Consider these  declarations in a code.

     char x, y, *p, **pp;
     char  *array[5], arr[5];
     char  *f(int), **g(int) ;

   struct node  a, b,* h(int); / * assume the size of node is 20 */

Then, what will be the values of the following?

1.    sizeof(x)
2.    sizeof(y)
3.    sizeof(*p)
4.    sizeof(p)
5.    sizeof(**pp)
6.    sizeof(*pp)
7.    sizeof(pp)
8.    sizeof(* array [0])
9.    sizeof(array[0])
10.   sizeof(arr [5] )
11.   sizeof(*f(5))
12.   sizeof(f(5))    /* is the size of a function?! */
13.   sizeof(**g(6))
14.   sizeof(*g(6))
15.   sizeof(g(6))
16.   sizeof(a)
17.   sizeof(*b)
18.   sizeof(b)
19.   sizeof(*h(5))
20.   sizeof(h(5))


Considering that size of char is 1 byte and pointers have a size of 4 bytes.

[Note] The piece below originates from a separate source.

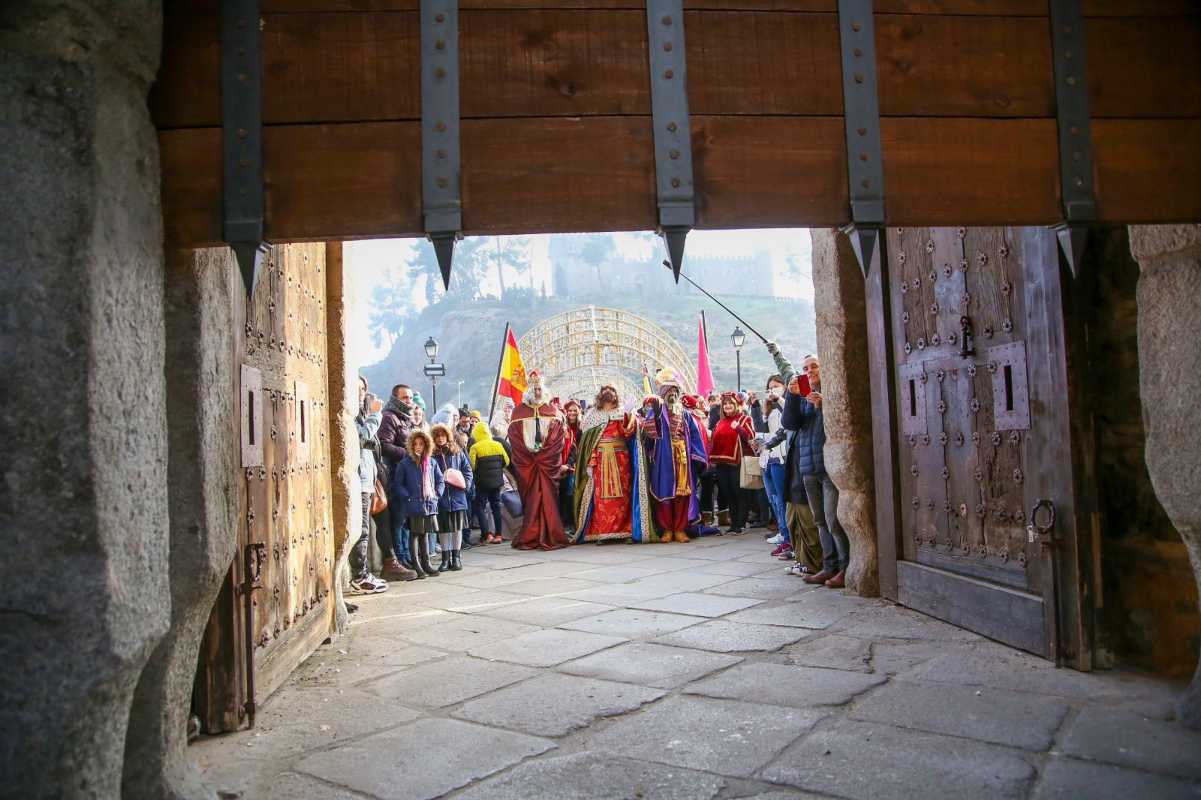 Izado del rastrillo del puente de Alcantara para recibir a los Reyes Magos en Toledo.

Here  are the answers.

1.    1 byte
2.    1 byte
3.    1 byte
4.    4 bytes
5.    1 byte
6.    4 bytes
7.    4 bytes
8.    1 byte
9.    4 bytes
10.   1 byte
11.   1byte
12.   4 bytes
13.   1 byte
14.   4 bytes
15.   4 bytes
16.   20 bytes
17.   20 bytes
18.   4 bytes
19.   20 bytes
20.   4 bytes

We are almost sure; we got all the answers right, but did we beat the clock? Did we do it within 60 seconds?

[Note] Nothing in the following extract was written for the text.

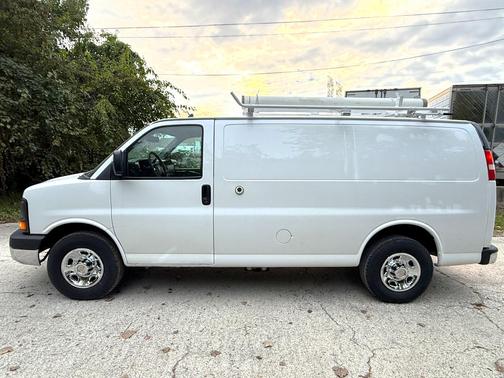 White 2014 Chevrolet Express 2500 Work Van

Well! Here is how to get the measure on size really fast… For this we need to remember the following two things. 

First: refresh what we discussed in the “Moving the Stars” snippet. That virtual equal to sign helps a lot in getting the size right. Second: Any pointer of any type has the size 4 bytes (we are by default considering 32 bit machines. The pointer size can, of course, change with machines.)

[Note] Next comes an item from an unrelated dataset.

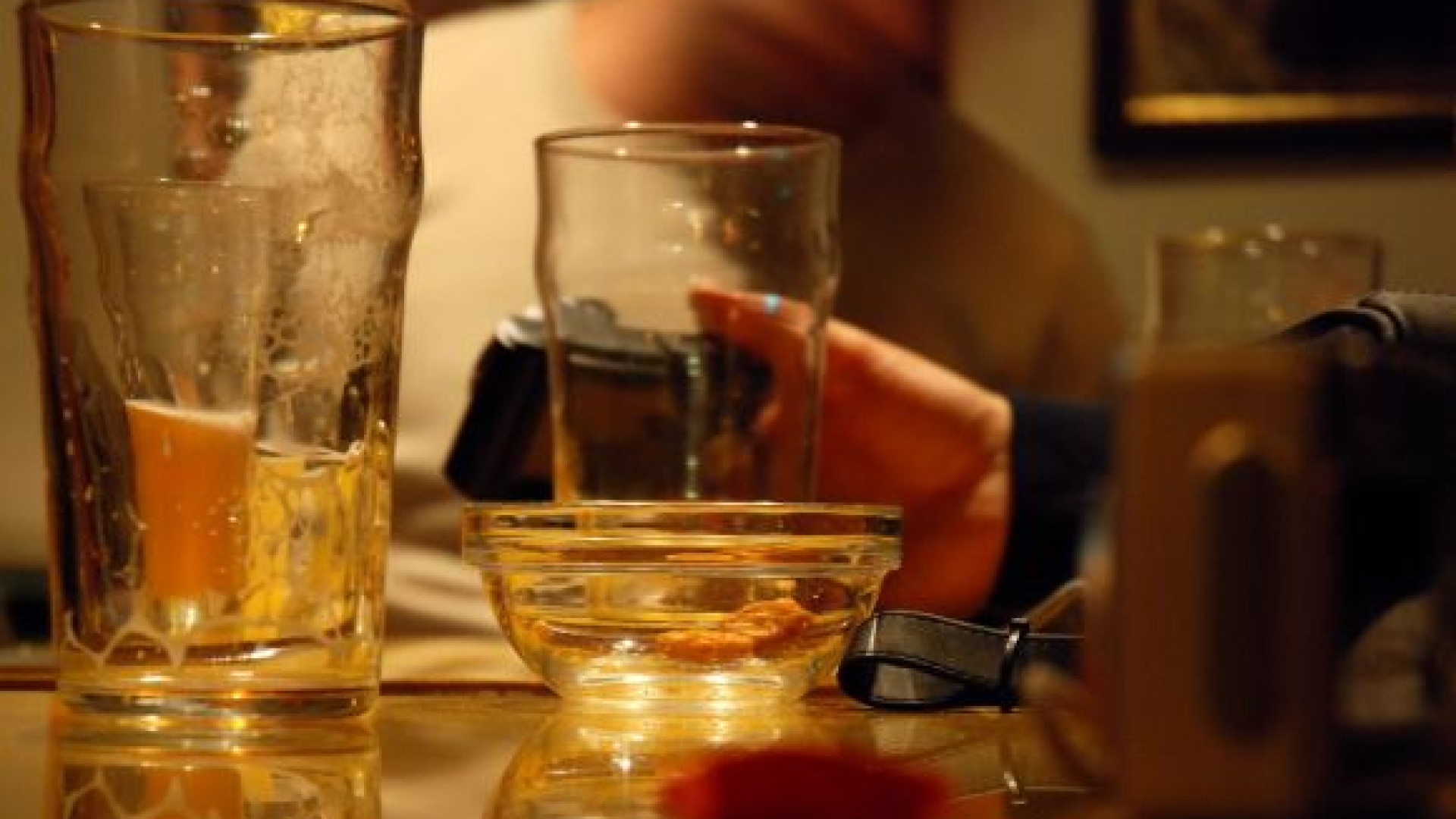 Alseno: il barista non gli serve da bere, ubriaco lo colpisce con un bicchiere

Let us answer the questions we put earlier…

Question 1 and Answer:
     We have
      char x;

     Which can be read as
      char = x

     Therefore,
      sizeof(x) = sizeof(char) = 1

Question 2 and Answer:
     As above, the answer is again 1 byte

Question 3 and Answer:
     Given
      char *p;
     What is the sizeof(*p)?

     Because char = *p, therefore
      sizeof(*p)= sizeof(char) = 1

Question 4 and Answer:
     Given
      char  *p;
     What is the sizeof(p)?

     Because char *  = p, therefore,
      sizeof(p) = sizeof(char *) = 4

Question 5 and Answer:
     Given
      char **pp;
     What is the sizeof (**pp)?

     Because char = **pp, therefore
      sizeof (**pp) = sizeof (char) = 1

Question 6 and Answer:
     Given,
      char **pp;
      What is the  sizeof(*pp)?

     Because char * =*pp, therefore
      sizeof(*pp) = sizeof(char *) = 4

Question 7 and Answer:
     Given,
      char **pp,
     What is the sizeof (pp)?

     Because char ** = p, therefore
      sizeof(p) = sizeof(char **) = 4


Question 8 is interesting, because we are apparently trying to find the size of a function, which is unusual. But we can compute the size of functions. However what it means is the size of its return values.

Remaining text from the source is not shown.